TASK DIRECTIONS: Only the lines from the one containing "Aluminium Keerwand Zitting" through the end of the data below are to be repeated, exactly as given, without pictures.

RECORDED DATA:
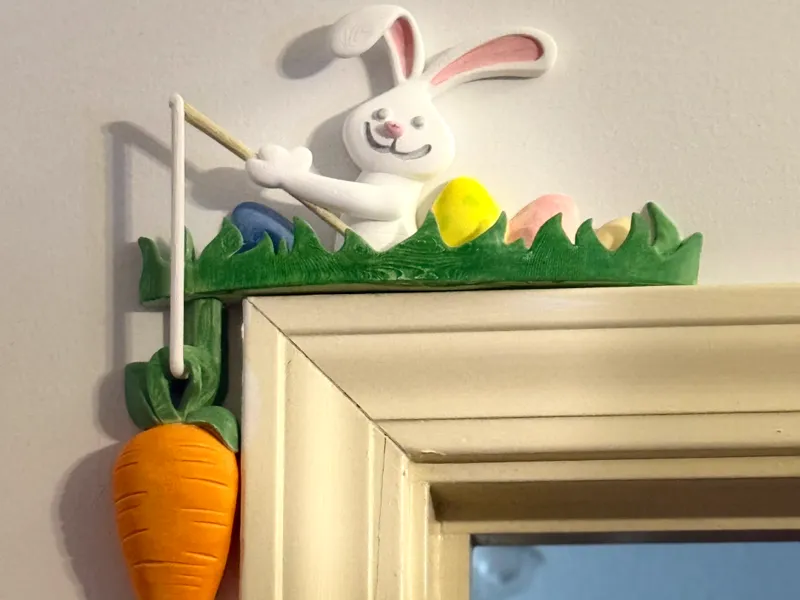 Door Corner art for Easter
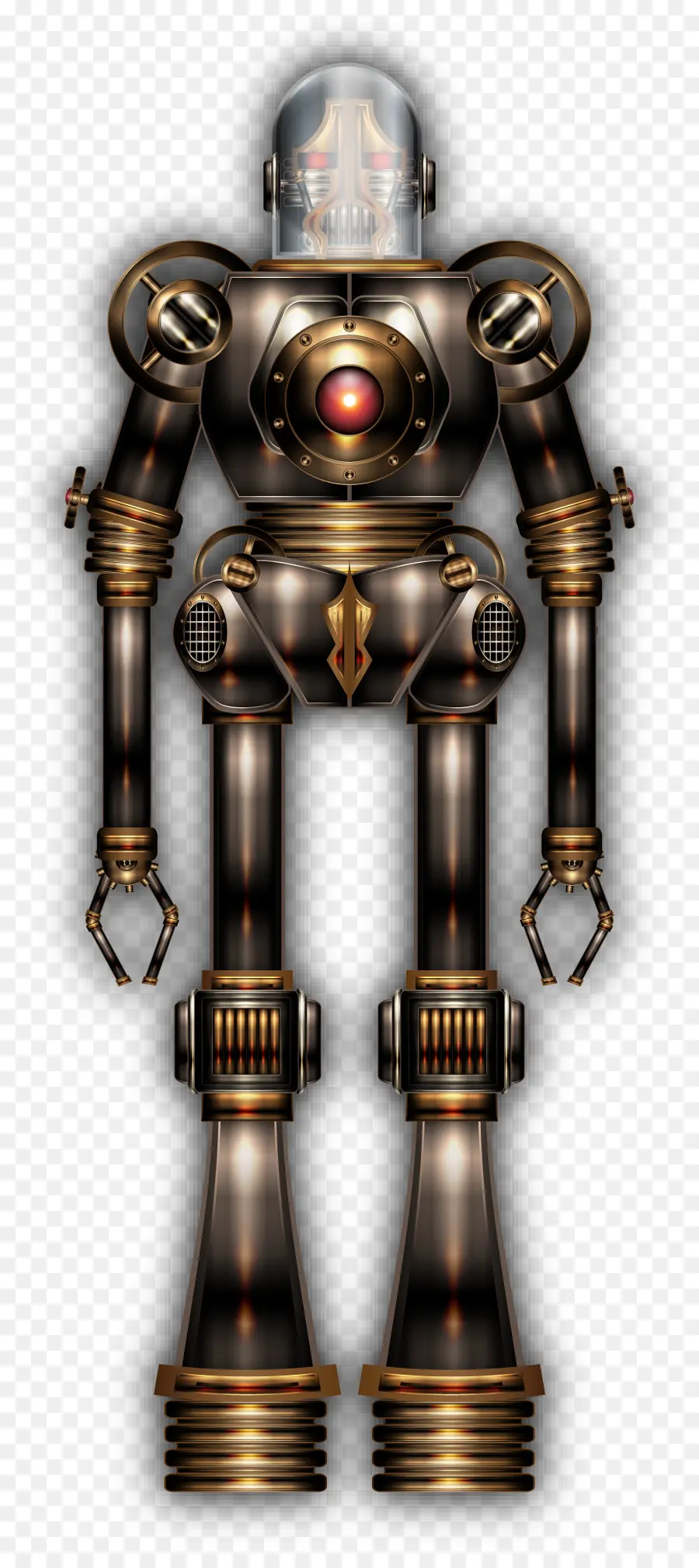 Steampunk Robotu，Maden PNG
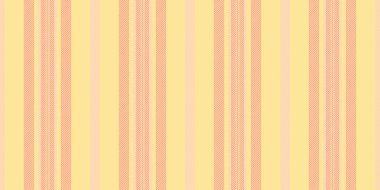 Dikey desenli, sade arka plan çizgisi vektörü ikiye ayrılıyor. Tişört çizgili tekstil kumaşı sarı ve kırmızı renk paleti.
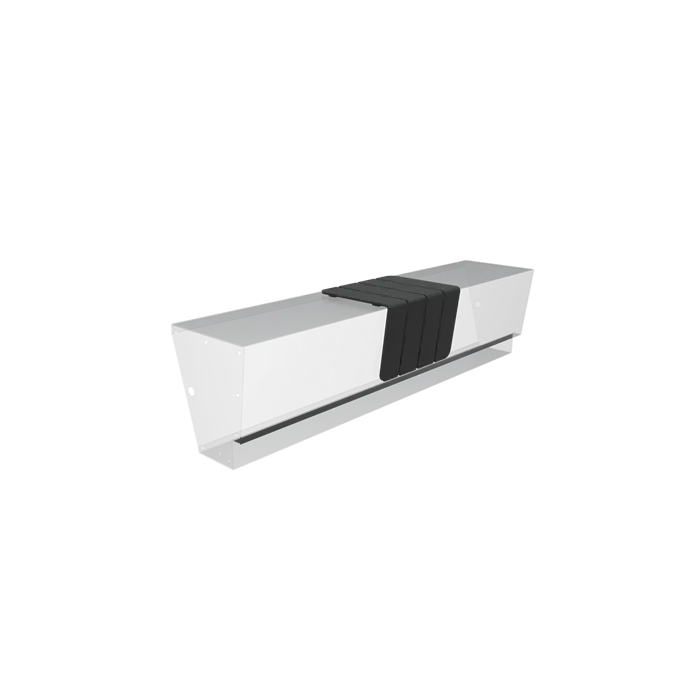 Aluminium Keerwand Zitting 'Revert' 516 x 423 x 353 mm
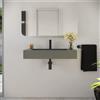 Parama Lavabo sospeso a muro rettangolare 80x48x13 cm in microcemento grigio | Tasman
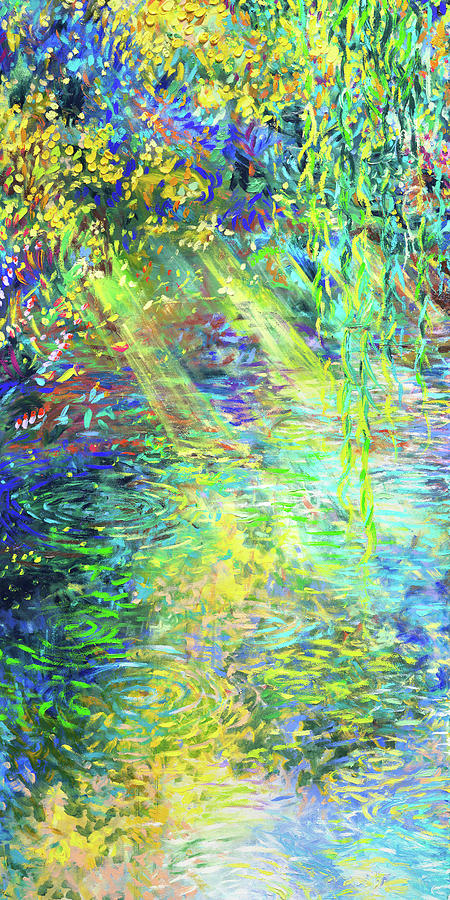Waxwillow Lagoon panel A Painting by Iris Scott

RESULT:
 Aluminium Keerwand Zitting 'Revert' 516 x 423 x 353 mm
 Parama Lavabo sospeso a muro rettangolare 80x48x13 cm in microcemento grigio | Tasman
Waxwillow Lagoon panel A Painting by Iris Scott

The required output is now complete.